The IMS World Review 2014 took place today in Buenos Aires, at Puerto Salguero, in Costa Salguero exhibition center.
The IMS World Review 2014 took place today in Buenos Aires, at Puerto Salguero, in Costa Salguero exhibition center.
The event covered by Pharmabiz brought together the main members of the local pharmaceutical market, represented by national and international drug makers, distributors, and retailers, which were welcomed by the local host Patricio Silva Young, General Manager of IMS Health South Region.
New Zealander Murray Aitken –Executive Director of IMS Institute for Healthcare Informatics- arrived in Argentina to give his perspectives.
Aitken gave the thumbs up to LATAM. He explained that the estimated growth for 2014-2018 in developed countries will range between 2 and 5%. While it is expected that pharmemerging countries -where Latin America has a great importance– will grow by 9 to 12%. An outstanding figure: it will at least double current rates.

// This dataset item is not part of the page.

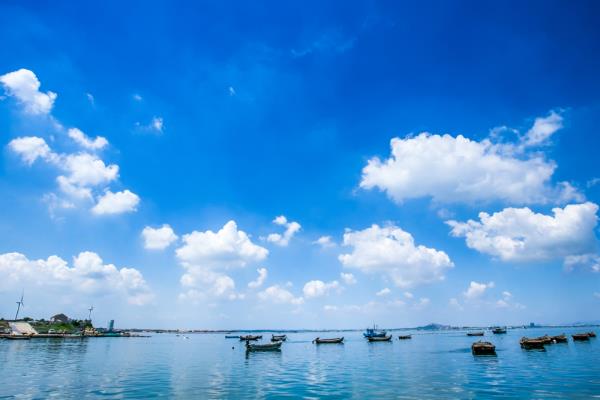 桑溝灣海洋牧場(chǎng)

Among the so called pharmemerging, Brazil is a highlight, with an estimated growth rate of 13% to 16% in dollars for 2014-2018.
China, India and Russia are other countries that stand out in this group. It is estimated that China will grow by 11% to 14%, while India and Russia will have a probable growth of 10 to 13% and 7 to 5% respectively.

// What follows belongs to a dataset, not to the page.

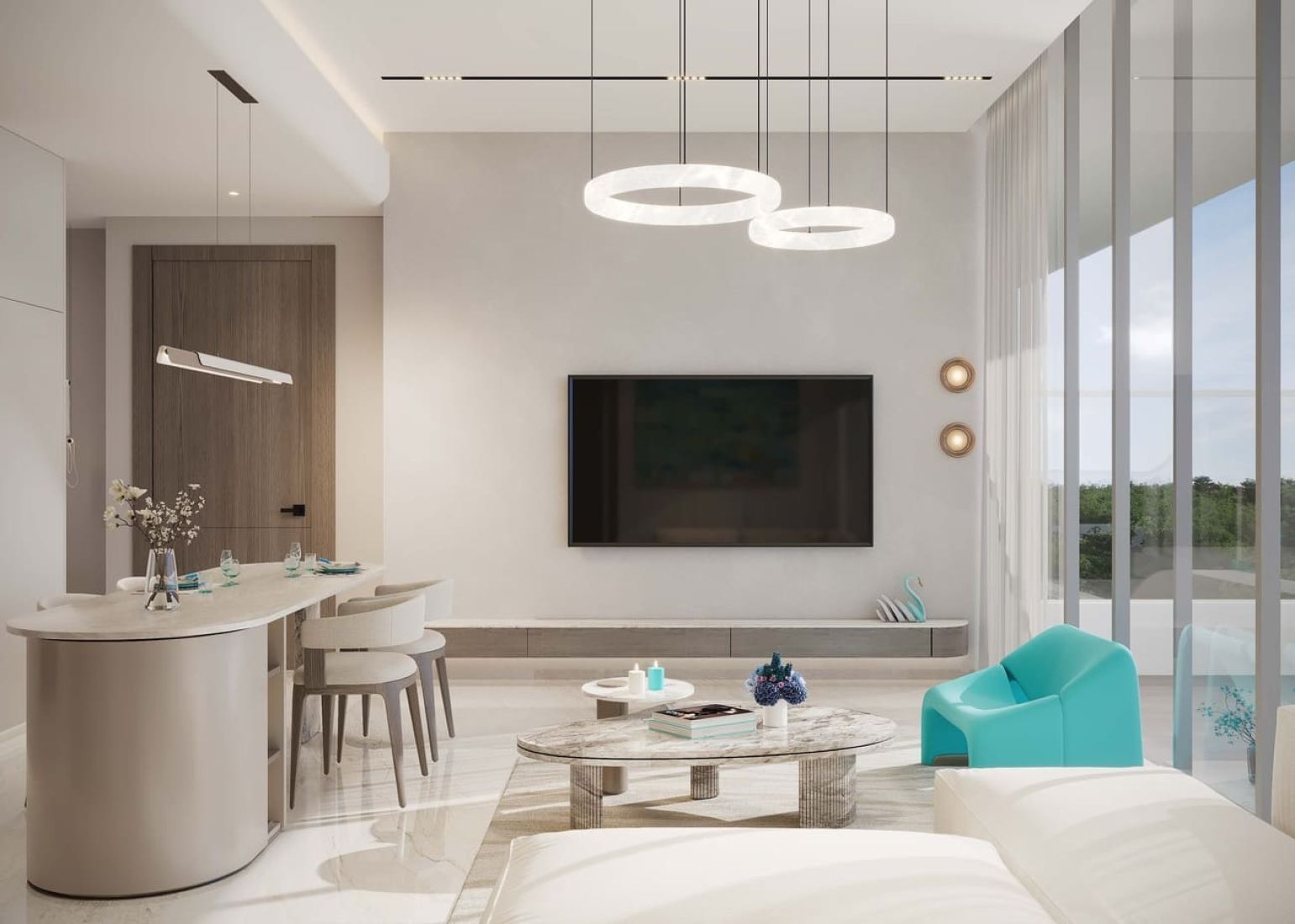 Reef 998 – 2 Bedrooms – 815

In the crowded event, there was a lot to be said about Brazil. When showing the countries global ranking, the Nation that will dance to the sound of «vuvuzelas» in the forthcoming 20th edition of the FIFA World Cup was the greatest highlight.
The country leaded by Dilma Rousseff has shown a prominent growth during the last years. In 2008 it had the 10th place in the pharmaceutical global ranking; in 2013 it climbed three steps and reached the 6th place, and it is expected that in 2018 it will achieve the 4th place in the global market, after USA, China and Japan.

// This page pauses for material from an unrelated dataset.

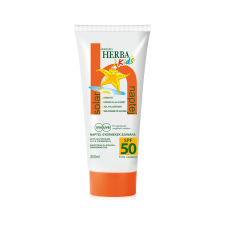  HERBÁRIA NAPTEJ GYEREKEKNEK SPF 50 naptej, napolaj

Then the speaker moved on to the topic of innovation. Here, Oncology, with 1740 molecules under investigation, stands out among the areas where there has been a surge in investment targeted to discover new products.
It is followed by 776 products focused on SNC, 573 antibiotics antivirals, 471 principles for the immune system 350 vaccines, and 198 cardiovascualar active ingredients.
Aitken also referred to blockbuster products. In this area, J&J had a striking performance, owning 5 of the top 10 best valued drugs.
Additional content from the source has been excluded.